Task to carry out. Each entry needs to be reproduced exactly as it is.

Material provided.
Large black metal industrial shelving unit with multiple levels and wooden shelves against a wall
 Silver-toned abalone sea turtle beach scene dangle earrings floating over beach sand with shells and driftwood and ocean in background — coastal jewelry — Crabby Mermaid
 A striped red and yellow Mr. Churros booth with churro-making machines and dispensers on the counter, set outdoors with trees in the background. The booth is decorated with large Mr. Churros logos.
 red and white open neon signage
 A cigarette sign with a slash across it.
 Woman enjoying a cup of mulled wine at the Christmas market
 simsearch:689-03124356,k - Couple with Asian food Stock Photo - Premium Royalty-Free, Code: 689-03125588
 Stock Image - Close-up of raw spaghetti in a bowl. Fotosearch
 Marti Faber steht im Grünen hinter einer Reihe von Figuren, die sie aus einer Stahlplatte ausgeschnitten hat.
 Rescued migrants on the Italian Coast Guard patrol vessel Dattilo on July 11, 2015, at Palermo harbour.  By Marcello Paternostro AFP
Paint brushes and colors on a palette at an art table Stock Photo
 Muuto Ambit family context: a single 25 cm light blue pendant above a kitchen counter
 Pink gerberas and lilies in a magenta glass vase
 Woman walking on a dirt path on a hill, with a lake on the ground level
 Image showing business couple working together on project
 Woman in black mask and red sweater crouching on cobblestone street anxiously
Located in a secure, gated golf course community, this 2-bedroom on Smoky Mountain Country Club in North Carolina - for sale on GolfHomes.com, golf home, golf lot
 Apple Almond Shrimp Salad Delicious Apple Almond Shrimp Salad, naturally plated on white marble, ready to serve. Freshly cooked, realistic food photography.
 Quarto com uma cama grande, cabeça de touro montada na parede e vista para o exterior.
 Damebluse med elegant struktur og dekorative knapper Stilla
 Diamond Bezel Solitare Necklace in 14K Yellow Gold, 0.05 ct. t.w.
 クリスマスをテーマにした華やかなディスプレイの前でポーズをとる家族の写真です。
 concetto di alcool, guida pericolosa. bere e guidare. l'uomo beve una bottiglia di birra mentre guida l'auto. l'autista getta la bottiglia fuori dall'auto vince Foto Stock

Solution for this exercise.
Large black metal industrial shelving unit with multiple levels and wooden shelves against a wall
 Silver-toned abalone sea turtle beach scene dangle earrings floating over beach sand with shells and driftwood and ocean in background — coastal jewelry — Crabby Mermaid
 A striped red and yellow Mr. Churros booth with churro-making machines and dispensers on the counter, set outdoors with trees in the background. The booth is decorated with large Mr. Churros logos.
 red and white open neon signage
 A cigarette sign with a slash across it.
 Woman enjoying a cup of mulled wine at the Christmas market
 simsearch:689-03124356,k - Couple with Asian food Stock Photo - Premium Royalty-Free, Code: 689-03125588
 Stock Image - Close-up of raw spaghetti in a bowl. Fotosearch
 Marti Faber steht im Grünen hinter einer Reihe von Figuren, die sie aus einer Stahlplatte ausgeschnitten hat.
 Rescued migrants on the Italian Coast Guard patrol vessel Dattilo on July 11, 2015, at Palermo harbour.  By Marcello Paternostro AFP
Paint brushes and colors on a palette at an art table Stock Photo
 Muuto Ambit family context: a single 25 cm light blue pendant above a kitchen counter
 Pink gerberas and lilies in a magenta glass vase
 Woman walking on a dirt path on a hill, with a lake on the ground level
 Image showing business couple working together on project
 Woman in black mask and red sweater crouching on cobblestone street anxiously
Located in a secure, gated golf course community, this 2-bedroom on Smoky Mountain Country Club in North Carolina - for sale on GolfHomes.com, golf home, golf lot
 Apple Almond Shrimp Salad Delicious Apple Almond Shrimp Salad, naturally plated on white marble, ready to serve. Freshly cooked, realistic food photography.
 Quarto com uma cama grande, cabeça de touro montada na parede e vista para o exterior.
 Damebluse med elegant struktur og dekorative knapper Stilla
 Diamond Bezel Solitare Necklace in 14K Yellow Gold, 0.05 ct. t.w.
 クリスマスをテーマにした華やかなディスプレイの前でポーズをとる家族の写真です。
 concetto di alcool, guida pericolosa. bere e guidare. l'uomo beve una bottiglia di birra mentre guida l'auto. l'autista getta la bottiglia fuori dall'auto vince Foto Stock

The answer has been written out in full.